_DATA TO EXAMINE_.
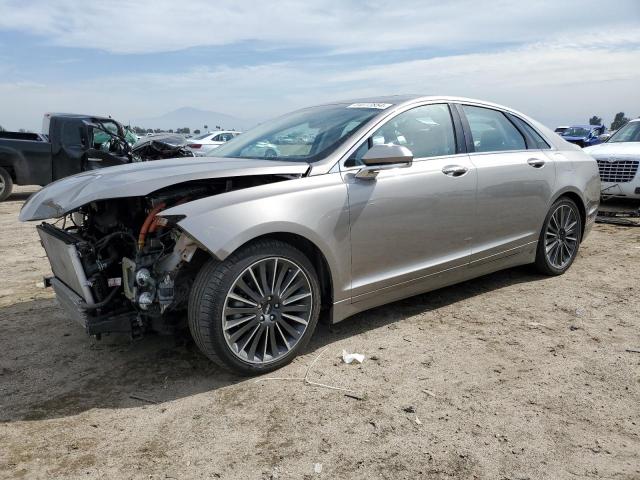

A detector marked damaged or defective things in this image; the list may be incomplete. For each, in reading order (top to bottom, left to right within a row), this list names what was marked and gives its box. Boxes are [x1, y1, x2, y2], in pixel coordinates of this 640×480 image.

damaged hood [18, 157, 308, 220]
damaged silver sedan [18, 96, 600, 376]
damaged car part on ground [20, 96, 600, 376]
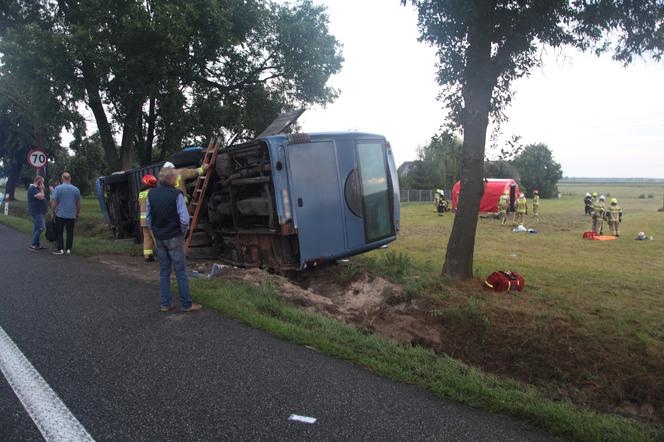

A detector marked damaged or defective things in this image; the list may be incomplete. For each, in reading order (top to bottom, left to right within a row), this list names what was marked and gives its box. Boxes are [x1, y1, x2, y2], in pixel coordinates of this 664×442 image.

overturned blue bus [96, 124, 402, 272]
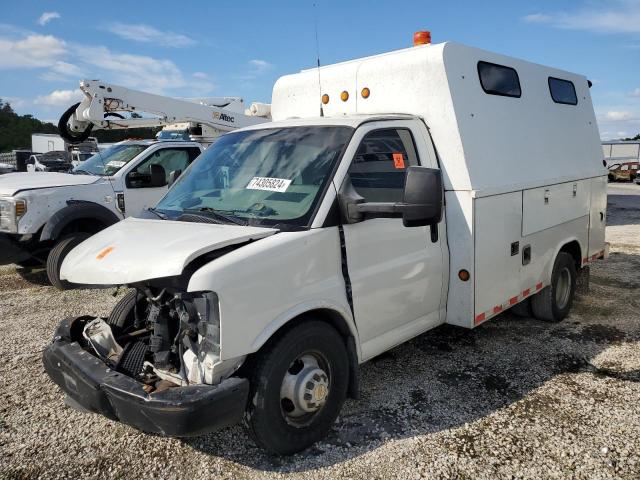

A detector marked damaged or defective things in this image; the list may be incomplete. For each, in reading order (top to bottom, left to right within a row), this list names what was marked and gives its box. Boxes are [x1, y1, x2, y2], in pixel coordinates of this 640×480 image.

cracked front bumper [42, 316, 250, 436]
damaged white van [42, 35, 608, 456]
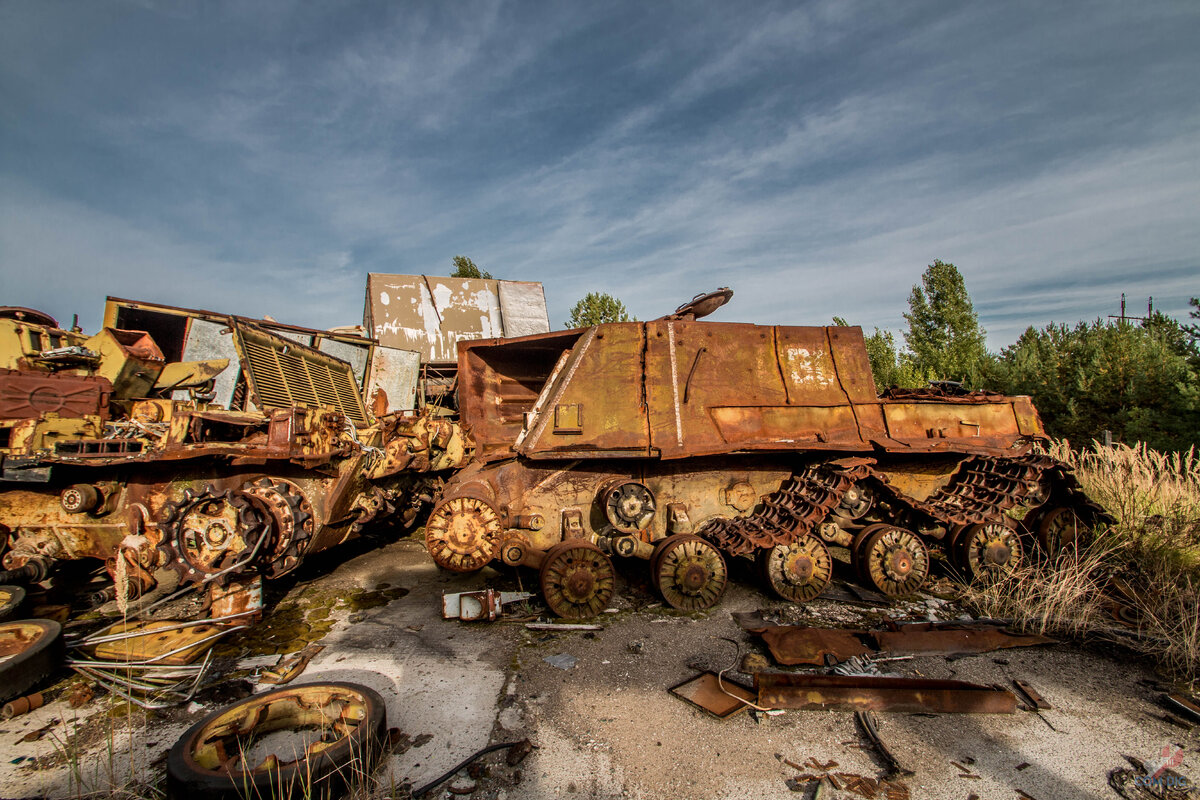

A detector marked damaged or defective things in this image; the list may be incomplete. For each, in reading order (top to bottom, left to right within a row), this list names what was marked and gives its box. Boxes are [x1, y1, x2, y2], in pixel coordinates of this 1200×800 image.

torn tire [0, 620, 64, 704]
abandoned tracked vehicle [0, 306, 466, 612]
rusted iron oxide [0, 306, 468, 612]
rusty armored hull [0, 306, 468, 612]
torn tire [165, 680, 384, 800]
abandoned tracked vehicle [424, 290, 1104, 620]
rusty armored hull [424, 310, 1104, 620]
rusted iron oxide [426, 290, 1112, 616]
corroded track link [700, 462, 868, 556]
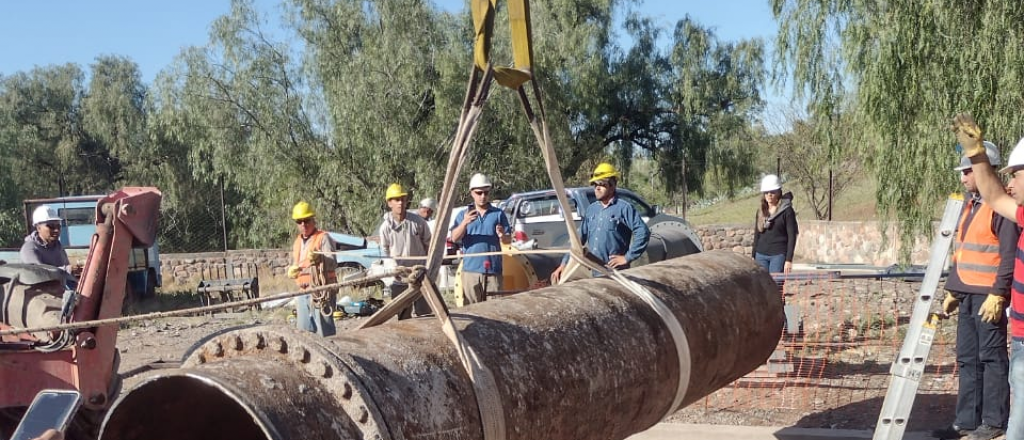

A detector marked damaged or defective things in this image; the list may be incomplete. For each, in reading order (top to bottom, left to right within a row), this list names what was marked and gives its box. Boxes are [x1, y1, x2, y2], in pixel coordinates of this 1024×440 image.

large rusty pipe [99, 250, 778, 440]
pipe rust surface [99, 250, 782, 440]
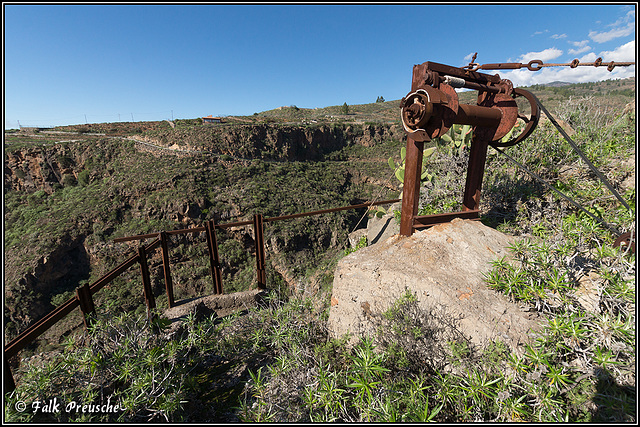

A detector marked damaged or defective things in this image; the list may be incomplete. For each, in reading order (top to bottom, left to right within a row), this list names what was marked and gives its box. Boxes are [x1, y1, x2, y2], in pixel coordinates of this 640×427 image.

rusty metal machinery [398, 55, 632, 241]
rusty metal post [400, 136, 424, 237]
rusty metal post [75, 282, 95, 332]
rusty metal post [136, 246, 156, 322]
rusty metal post [157, 232, 174, 306]
rusty metal post [208, 221, 225, 294]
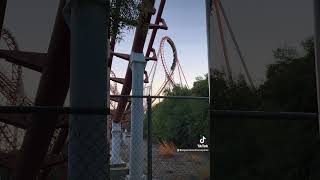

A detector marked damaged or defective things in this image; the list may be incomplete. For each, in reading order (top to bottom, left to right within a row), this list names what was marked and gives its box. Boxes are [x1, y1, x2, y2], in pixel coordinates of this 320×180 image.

rusty metal pole [13, 0, 70, 180]
rusty metal pole [63, 0, 109, 179]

_EXERCISE GOAL_. Retype, exactly and only, the lines from the one containing "this 640×427 image." through the end of the entries, both ends included, and omit all pictures.

_YOUR SOLUTION_.
A detector marked damaged or defective things in this image; the list may be incomplete. For each, in reading order (top to bottom, left to right within a row), this list names what was marked and gives its box. Boxes are [x1, y1, x2, y2], in pixel coordinates of this 640×427 image.

rusty metal machinery [398, 55, 632, 241]
rusty metal post [400, 136, 424, 237]
rusty metal post [75, 282, 95, 332]
rusty metal post [136, 246, 156, 322]
rusty metal post [157, 232, 174, 306]
rusty metal post [208, 221, 225, 294]

A detector marked damaged or defective things in this image; the list may be incomplete. For each, in reading order (top to bottom, left to right within a row), this list names what was marked and gives its box. Boxes are [x1, y1, x2, y2], in pixel coordinates of this 320×180 image.

rusty metal pole [13, 0, 70, 180]
rusty metal pole [63, 0, 109, 179]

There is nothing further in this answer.